Numerous fuel injection systems are known. In the majority of known injection systems, a mechanically or hydraulically driven piston pump doses the fuel into the combustion air intermittently at a controllable ties pressurises it, and displaces it through the injection nozzle. The quantity of fuel injected in this case is varied by varying the delivery stroke of the piston of the piston pump (so-called stroke regulation), by varying the quantity of fuel in the pump chamber of the piston pump (so-called charge regulation), or by varying the throttle cross-sections effective during the delivery (so-called throttle regulation).
It is also known to provide a separate pump piston for each cylinder of the internal-combustion engine in a series of pumps or pump/injection nozzle combinations. Distributor pumps are also known, wherein a plurality of cylinders of the internal-combustion engine are alternatively supplied from one pump piston in the pump.

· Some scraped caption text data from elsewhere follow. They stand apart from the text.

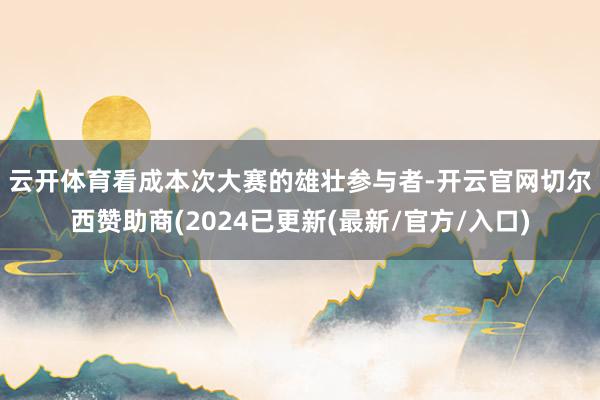 云开体育　　看成本次大赛的雄壮参与者-开云官网切尔西赞助商(2024已更新(最新/官方/入口)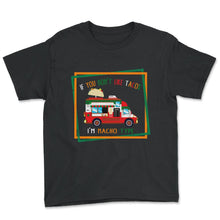 Load image into Gallery viewer, If You Don't Like Tacos I'm Nacho Type, Cinco De Mayo Shirt, May 5th - Youth Tee - Black
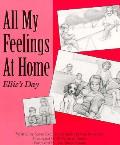 All My Feelings At Home Ellies Day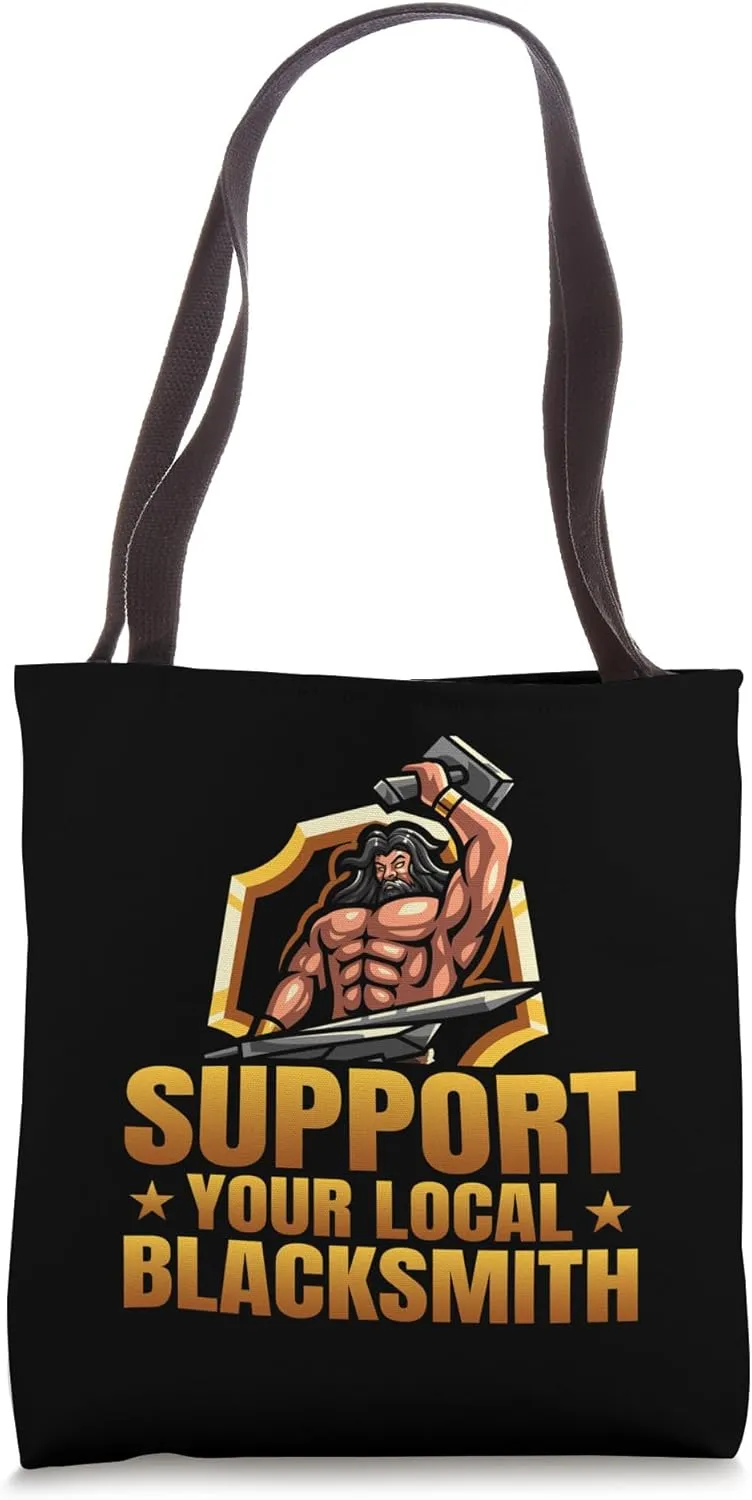 Support Your Local Blacksmith Tote Bag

These known injection systems have a number of disadvantages. They require one or more intermittently driven pump pistons. The structural outlay for the pump piston drive is high due to the intermittent loading. Furthermore, the fuel pump must controllably time the delivery for variable speed operation. The structural outlay for this purpose is substantial.
Lastly, a fuel injection system is also known wherein a non-periodic fuel pump delivers fuel at regulated pressures into a system common to all the cylinders of the internal-combustion engine. The injection quantity is regulated by the fuel pressure and the time cross-section of the injection nozzle at each cylinder--i.e., the integral of the free flow cross-section of injection orifice over the time. It is therefore necessary to control precisely the time cross-section of each injection nozzle. This is performed either mechanically or electromagnetically.

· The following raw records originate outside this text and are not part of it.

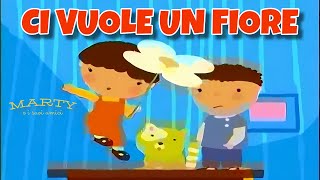 CI VUOLE UN FIORE   Marty e i suoi amici  Canzoni Per Bambini [upl. by Mauve]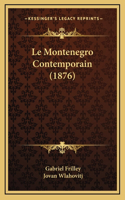 Le Montenegro Contemporain (1876)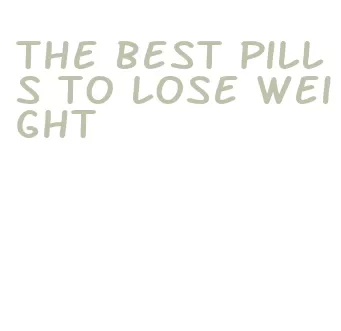 the best pills to lose weight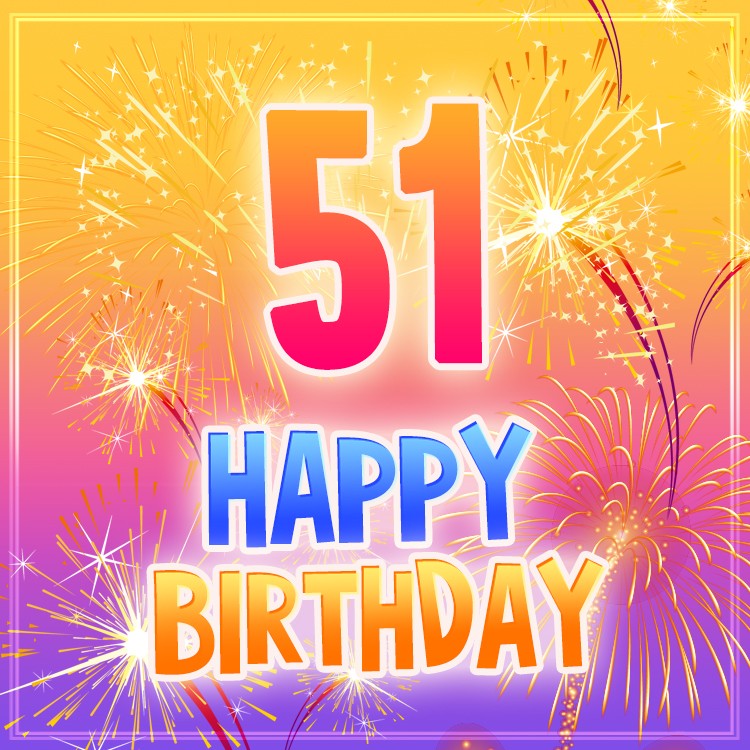 Happy 51st Birthday Greeting Card with fireworks (square shape image)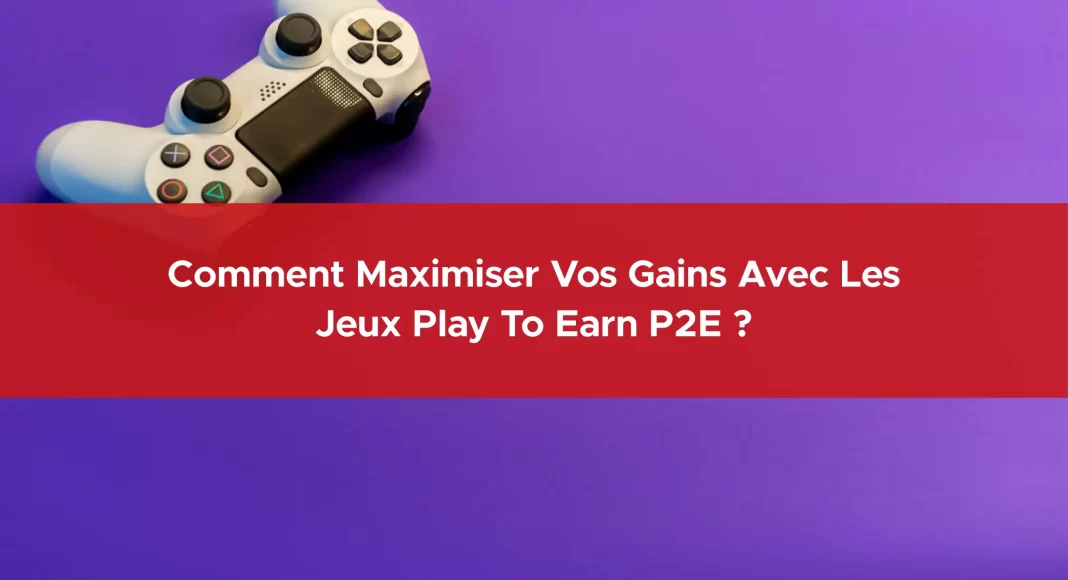 376-comment-maximiser-vos-gains-avec-les-jeux-play-to-earn-p2e-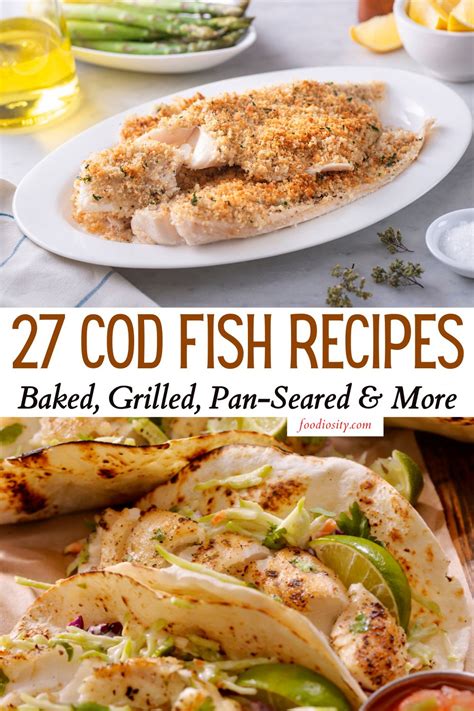 27 Cod Fish Recipes - Baked, Grilled, Pan-Seared & More - Foodiosity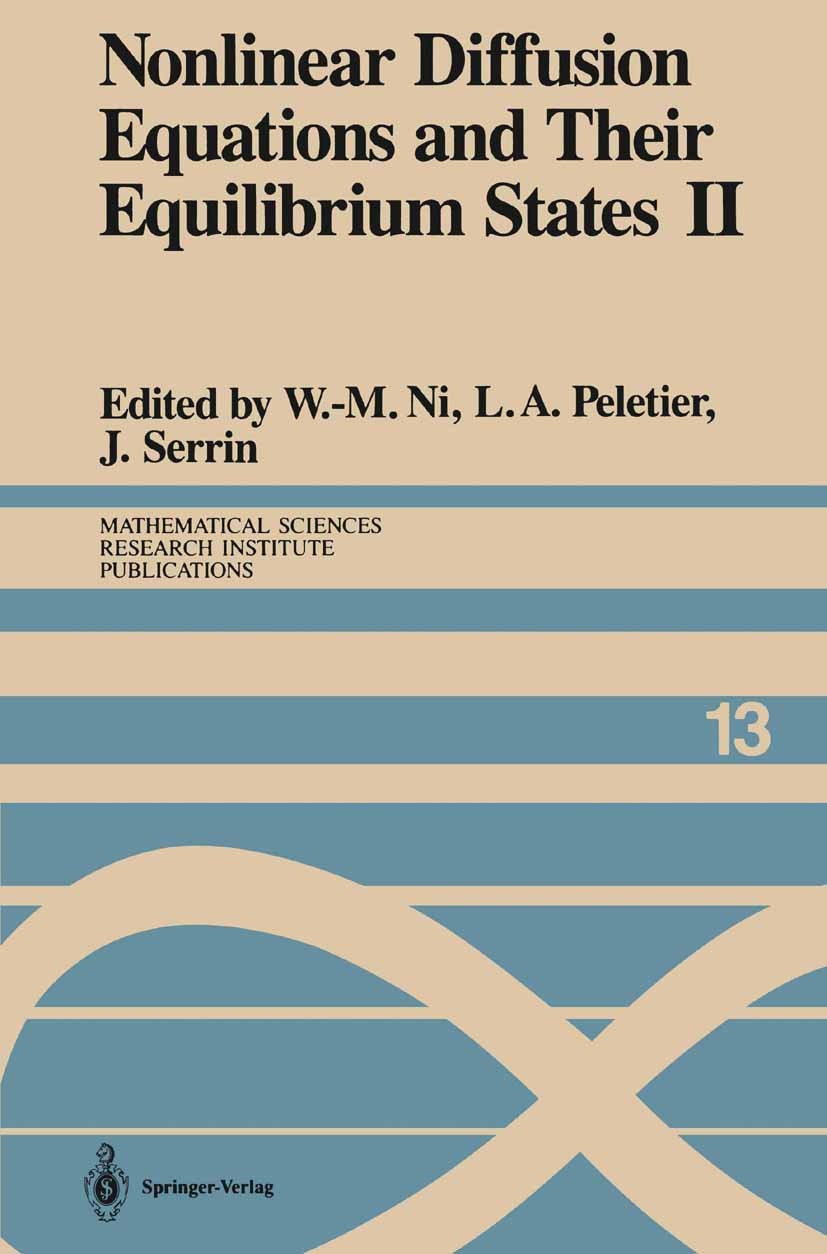 Titlebook: Nonlinear Diffusion Equations and Their Equilibrium States II; Proceedings of a Mic W.-M. Ni,L. A. Peletier,James Serrin Conference proceed Titlebook: Nonlinear Diffusion Equations and Their Equilibrium States II; Proceedings of a Mic W.-M. Ni,L. A. Peletier,James Serrin Conference proceed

Even the last-mentioned injection system has serious disadvantages. In order for the fuel pump to be able to deliver at regulated pressure, it must deliver more fuel than is required for the injection, and the control of the time cross-section of the injection nozzles necessitates a considerable structural outlay. Control of the injection quantity by means of the time cross-section becomes increasingly difficult, or even impossible, as the injection time becomes shorter.